Joana Moll: Social criticism with digital means

On Moll's website, a tracker shows how much energy is consumed. She needed about 30 watts with a Dell laptop and Firefox browser for her book order, as recorded with a measuring device. However, the consumption depends on the devices used and also on interactions, scrolling means about additional energy consumption. For her project, she specifically documented only the most necessary steps for an order - if you had to search for a product or could not decide beforehand, it would be easy to spend five or ten times as much.

Climate friends or greenwashing?

Of course, Amazon is not the only tech group whose online processes consume energy. According to researchers, YouTube has a similar carbon footprint to a city the size of Glasgow (approximately 600,000 inhabitants) - they proposed reducing it with a leaner, more energy-efficient web design. For their earlier project "CO2GLE" Moll has calculated the CO2 emissions of Google. "Amazon is a symbol of energy consumption for me," she says. In addition, the group is the most intransparent in terms of sustainability among the big tech companies.

The artist believes that companies like Amazon and Google are posing as opponents of climate change and pioneers of renewable technologies, for a "cynical discourse". "The big tech companies are part of the problem," she says. Although the companies invest in renewable energies and want to operate climate neutral. At the same time, Amazon, for example, continues to work with companies in the oil industry, such as Shell, BP and Halliburton.

Her new project will be presented by the artist at the Disruption Network Lab conference "Collective Strategies to Expose Injustice" next Saturday in Berlin. The 37-year-old from Barcelona works with social critique of the digital world and has exposed chasms like surveillance and data-trading in her earlier works - using digital resources such as live streaming from surveillance cameras, open-source software or data brokerage data.

Dating profiles as a mass product

In her latest project, "Dating Brokers," Moll had exposed how corporations deal with users' data, more specifically: sensitive data from flirting platforms. For just 136 euros, she had ordered a million dating profiles from the company USDate, evaluated and presented anonymously in an online database.

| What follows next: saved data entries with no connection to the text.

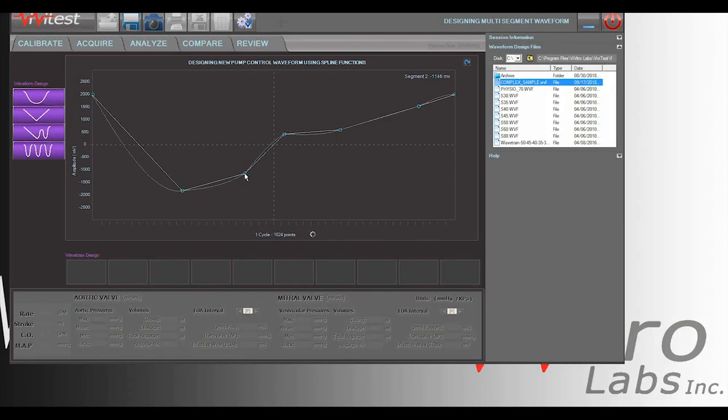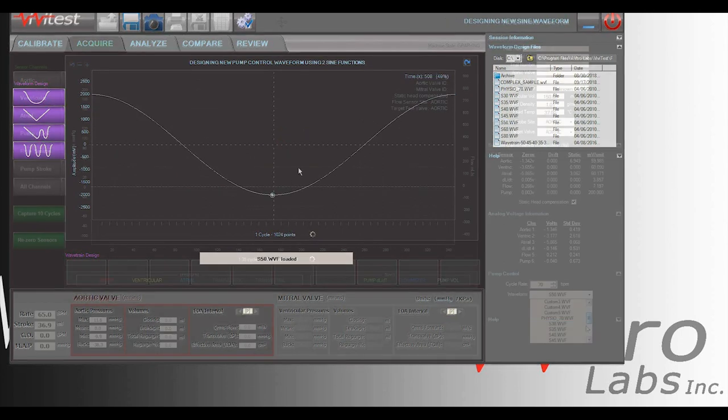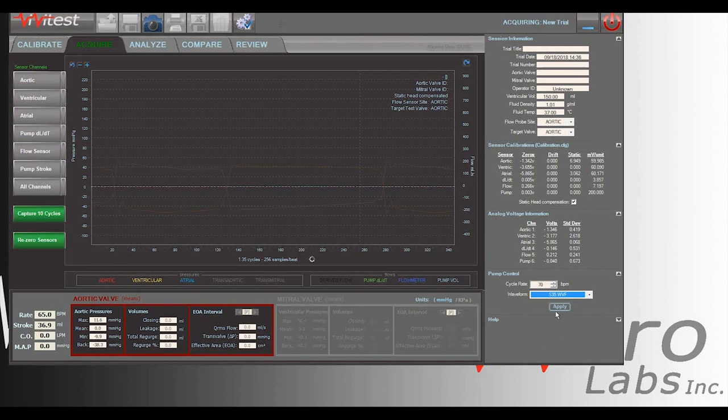Vivitest software offers the advantages that unlimited waveforms can be selected and the beat rate for each waveform can be changed quickly.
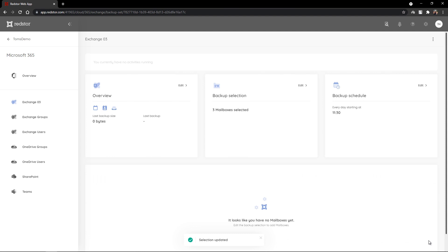A second backup set has now been created with the same information. I can see the backup size, when the last backup ran, and I can view my backup selection which now has three mailboxes selected and my backup schedule.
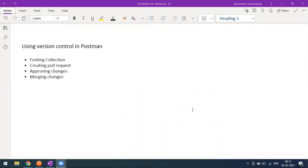Welcome to another video of the Postman tutorial. Today we'll see how to use version control in Postman. When working as a team — two or three people using the same collection or API endpoints — if you want to make changes to a collection, going directly and making changes can cause problems. If something goes wrong, you can't recover it easily.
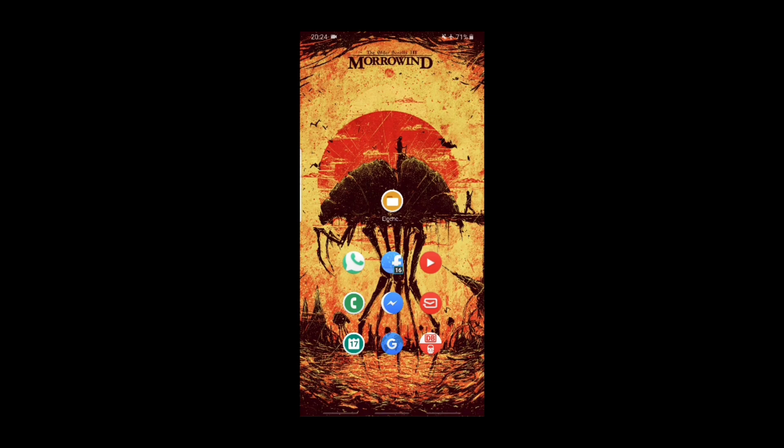Hello Elder Scrolls fans. I'm going to show you how you can play Morrowind on your Android smartphone. We will use OpenMW, which is a game engine where you can use your data files from your Morrowind installation to play Morrowind on your smartphone.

The frivolous acting platform USDate is currently reported to have 29 million "real" flirt profiles that can be categorized by origin. Names, photos, e-mail addresses, report details, preferences, gender and personal descriptions are among the data that will be delivered.

The data acquired by Moll came from their research, the popular dating platform Plenty of Fish, whose parent company Match Group in turn has dozens of other brands such as Cupid and Tinder. "The exchange and purchase of online dating profiles is common in the online dating industry," concludes Moll. "The method is often used to populate new online dating sites when they launch, but even established dating sites are constantly trading with profiles - to get new faces in their services, and thus the likelihood of matchmaking among their users increase and attract new paying subscribers. " Users are unaware that their intimate profiles and information are passed from company to company.

"I hope that I can encourage people to think so that something may change," says Moll about the goal of her digital art. "But I also know that a project alone can not do that."